Records to process:

◆ ◆ ◆ ◆ ◆

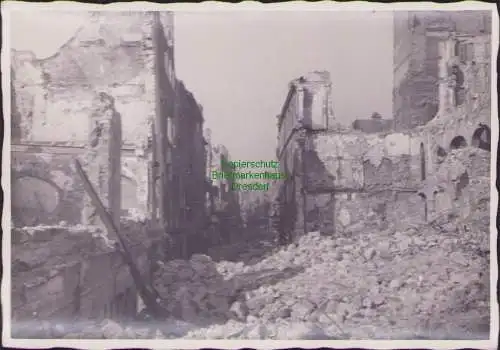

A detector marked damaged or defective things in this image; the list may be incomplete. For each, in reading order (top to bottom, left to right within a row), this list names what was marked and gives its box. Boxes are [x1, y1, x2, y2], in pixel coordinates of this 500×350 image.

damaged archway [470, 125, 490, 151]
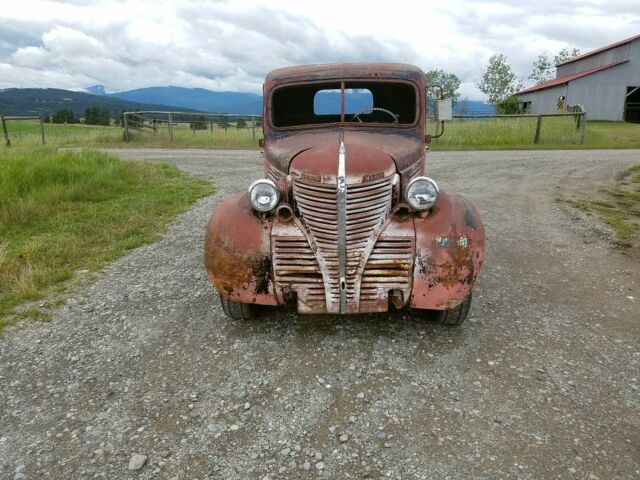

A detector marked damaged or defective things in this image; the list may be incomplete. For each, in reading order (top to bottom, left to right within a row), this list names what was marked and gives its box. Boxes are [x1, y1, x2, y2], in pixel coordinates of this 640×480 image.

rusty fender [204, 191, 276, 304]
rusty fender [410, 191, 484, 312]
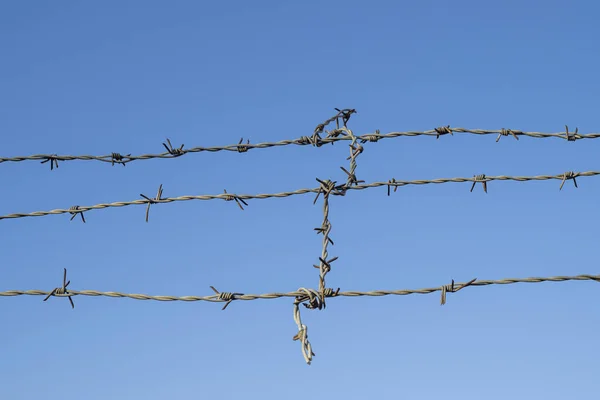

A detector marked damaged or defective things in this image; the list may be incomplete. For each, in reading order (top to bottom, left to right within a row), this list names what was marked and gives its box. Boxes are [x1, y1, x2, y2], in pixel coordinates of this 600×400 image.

◆ ◆ ◆ ◆ ◆

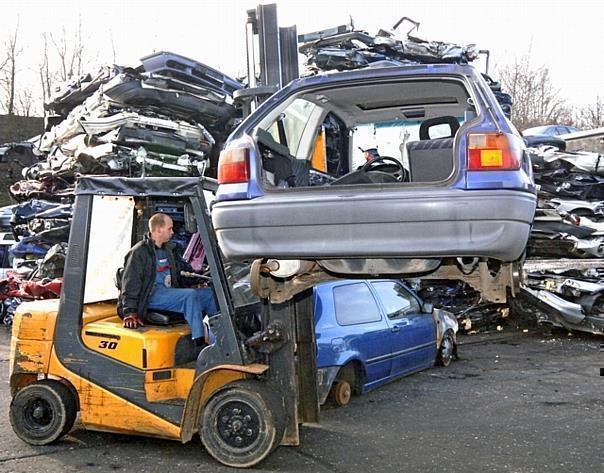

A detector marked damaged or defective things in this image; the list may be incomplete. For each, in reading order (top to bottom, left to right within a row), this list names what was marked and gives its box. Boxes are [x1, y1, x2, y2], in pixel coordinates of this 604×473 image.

◆ ◆ ◆ ◆ ◆

Task to carry out: Word for word, repeat the lines above from the one with "this 640×480 image." through the one with "this 600×400 image.", and nothing beyond them. Omit the pictures.

Expected answer:
A detector marked damaged or defective things in this image; the list may be incomplete. For each, in reading order (top to bottom, left to right within a row), this list names what was marked and gives its box. Boxes are [x1, y1, x2, y2], in pixel coordinates of this 640×480 image.

rusty fender [204, 191, 276, 304]
rusty fender [410, 191, 484, 312]

A detector marked damaged or defective things in this image; the list may be incomplete. For each, in reading order (top to bottom, left to right within a row), this list names what was marked and gives its box. Boxes are [x1, y1, x2, y2], in pixel coordinates of this 600×400 image.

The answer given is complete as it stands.